··· Given information ···
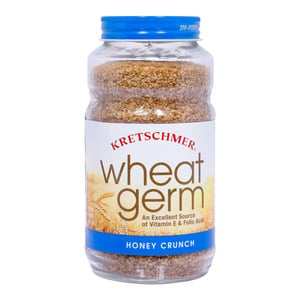Kretschmer Wheat Germ Honey Crunch 311g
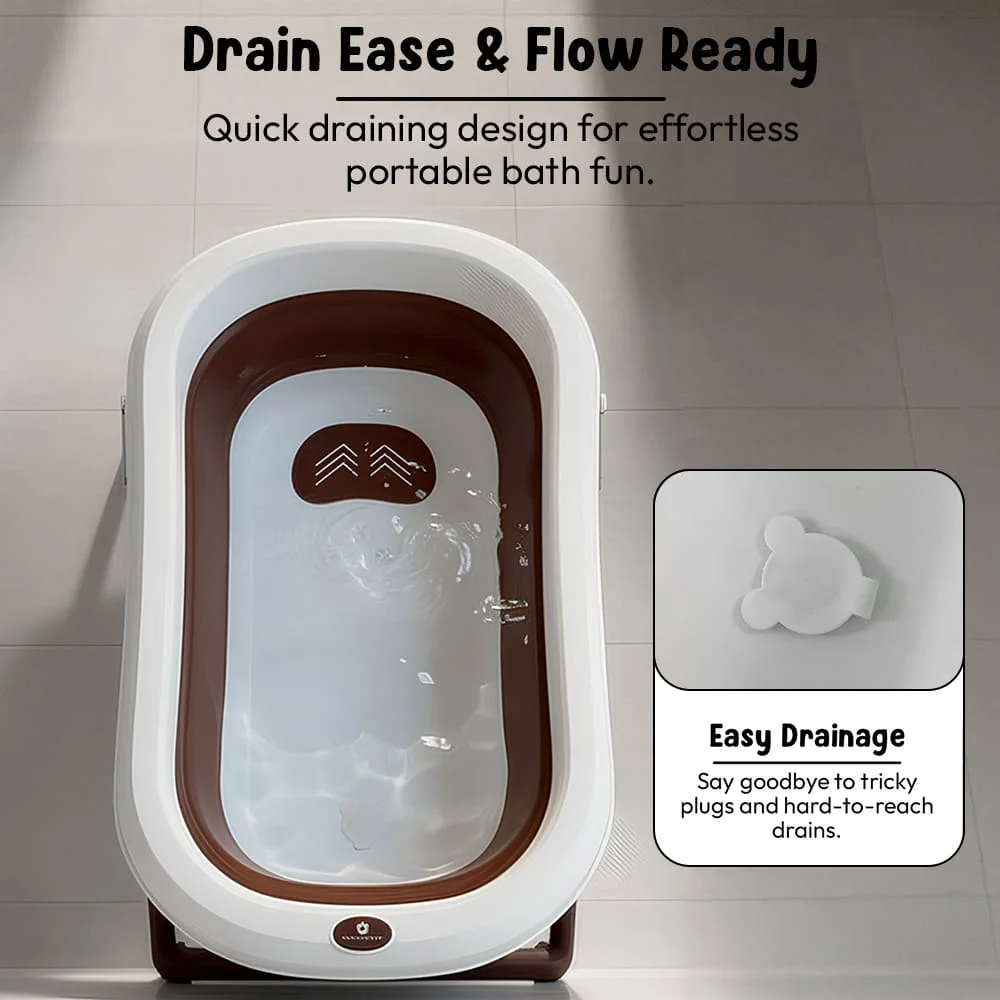 bt luxe wo cushion brown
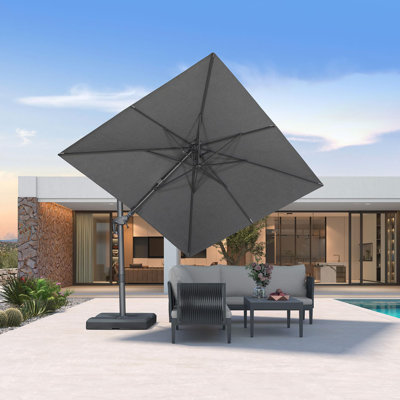 Cantilever Parasol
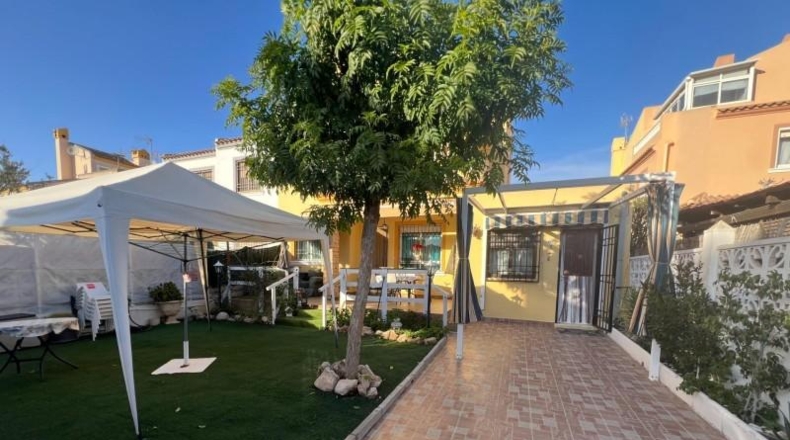 Alicante - Torrevieja - 130m2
···
What needs to be done: Word for word, return the material above; the pictures stay out.

Completed exercise:
Kretschmer Wheat Germ Honey Crunch 311g
 bt luxe wo cushion brown
 Cantilever Parasol
 Alicante - Torrevieja - 130m2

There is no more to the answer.